── Data supplied ──

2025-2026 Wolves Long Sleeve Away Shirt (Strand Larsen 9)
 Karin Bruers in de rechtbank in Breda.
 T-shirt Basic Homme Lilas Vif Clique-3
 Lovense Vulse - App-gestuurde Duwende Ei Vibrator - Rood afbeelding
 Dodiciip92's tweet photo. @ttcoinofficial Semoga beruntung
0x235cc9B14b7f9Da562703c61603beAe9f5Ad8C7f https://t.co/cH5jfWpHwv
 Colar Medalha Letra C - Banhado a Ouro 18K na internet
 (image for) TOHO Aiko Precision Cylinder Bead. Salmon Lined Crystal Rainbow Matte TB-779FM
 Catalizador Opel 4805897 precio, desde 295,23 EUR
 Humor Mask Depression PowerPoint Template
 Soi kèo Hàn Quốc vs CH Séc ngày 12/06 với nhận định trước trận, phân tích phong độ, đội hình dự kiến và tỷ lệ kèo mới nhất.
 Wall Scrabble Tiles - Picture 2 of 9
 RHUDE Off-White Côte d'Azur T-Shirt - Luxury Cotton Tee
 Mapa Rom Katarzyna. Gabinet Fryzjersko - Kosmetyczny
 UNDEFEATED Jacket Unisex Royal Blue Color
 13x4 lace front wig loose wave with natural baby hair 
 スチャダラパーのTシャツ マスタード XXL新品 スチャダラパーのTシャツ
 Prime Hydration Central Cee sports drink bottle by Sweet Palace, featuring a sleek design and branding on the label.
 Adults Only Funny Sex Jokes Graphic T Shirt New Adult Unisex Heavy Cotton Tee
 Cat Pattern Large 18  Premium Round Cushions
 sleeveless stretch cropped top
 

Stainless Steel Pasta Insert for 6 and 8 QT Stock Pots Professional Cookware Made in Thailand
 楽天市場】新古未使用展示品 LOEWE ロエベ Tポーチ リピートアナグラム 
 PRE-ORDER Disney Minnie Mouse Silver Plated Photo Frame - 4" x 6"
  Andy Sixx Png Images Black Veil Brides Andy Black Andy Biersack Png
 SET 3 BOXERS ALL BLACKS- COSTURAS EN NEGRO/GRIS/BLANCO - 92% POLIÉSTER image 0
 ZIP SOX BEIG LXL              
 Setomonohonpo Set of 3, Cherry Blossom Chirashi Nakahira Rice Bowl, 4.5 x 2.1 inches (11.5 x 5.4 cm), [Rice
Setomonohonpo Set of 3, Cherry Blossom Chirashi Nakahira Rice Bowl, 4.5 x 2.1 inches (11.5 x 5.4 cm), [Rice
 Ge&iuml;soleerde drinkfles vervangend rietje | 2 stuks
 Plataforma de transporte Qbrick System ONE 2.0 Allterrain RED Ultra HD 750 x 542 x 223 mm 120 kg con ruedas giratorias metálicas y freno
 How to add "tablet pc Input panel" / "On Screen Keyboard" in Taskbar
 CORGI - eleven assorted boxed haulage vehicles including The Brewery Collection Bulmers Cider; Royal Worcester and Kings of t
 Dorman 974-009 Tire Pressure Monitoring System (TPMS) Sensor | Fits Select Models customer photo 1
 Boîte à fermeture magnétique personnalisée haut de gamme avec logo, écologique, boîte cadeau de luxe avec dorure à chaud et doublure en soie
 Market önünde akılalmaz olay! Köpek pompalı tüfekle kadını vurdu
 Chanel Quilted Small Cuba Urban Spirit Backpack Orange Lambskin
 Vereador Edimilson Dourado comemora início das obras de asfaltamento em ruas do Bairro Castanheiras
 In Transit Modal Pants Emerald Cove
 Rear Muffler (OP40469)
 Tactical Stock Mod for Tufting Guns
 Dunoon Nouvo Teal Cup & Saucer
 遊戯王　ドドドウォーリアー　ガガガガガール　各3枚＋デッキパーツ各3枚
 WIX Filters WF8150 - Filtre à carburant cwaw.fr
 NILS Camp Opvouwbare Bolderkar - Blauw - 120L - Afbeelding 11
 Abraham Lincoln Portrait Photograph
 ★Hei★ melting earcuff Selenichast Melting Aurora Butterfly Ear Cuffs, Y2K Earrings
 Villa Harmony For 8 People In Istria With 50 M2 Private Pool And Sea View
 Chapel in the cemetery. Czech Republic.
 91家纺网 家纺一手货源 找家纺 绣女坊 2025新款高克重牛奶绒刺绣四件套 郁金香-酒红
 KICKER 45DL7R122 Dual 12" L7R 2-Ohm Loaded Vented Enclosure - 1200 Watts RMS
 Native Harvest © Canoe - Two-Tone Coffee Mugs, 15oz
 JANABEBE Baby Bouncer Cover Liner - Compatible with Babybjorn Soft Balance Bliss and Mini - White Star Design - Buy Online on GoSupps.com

───

→ **Your task**
Report all lines in the records that include the string "Cherry".

→ **Exercise output**
 Setomonohonpo Set of 3, Cherry Blossom Chirashi Nakahira Rice Bowl, 4.5 x 2.1 inches (11.5 x 5.4 cm), [Rice
Setomonohonpo Set of 3, Cherry Blossom Chirashi Nakahira Rice Bowl, 4.5 x 2.1 inches (11.5 x 5.4 cm), [Rice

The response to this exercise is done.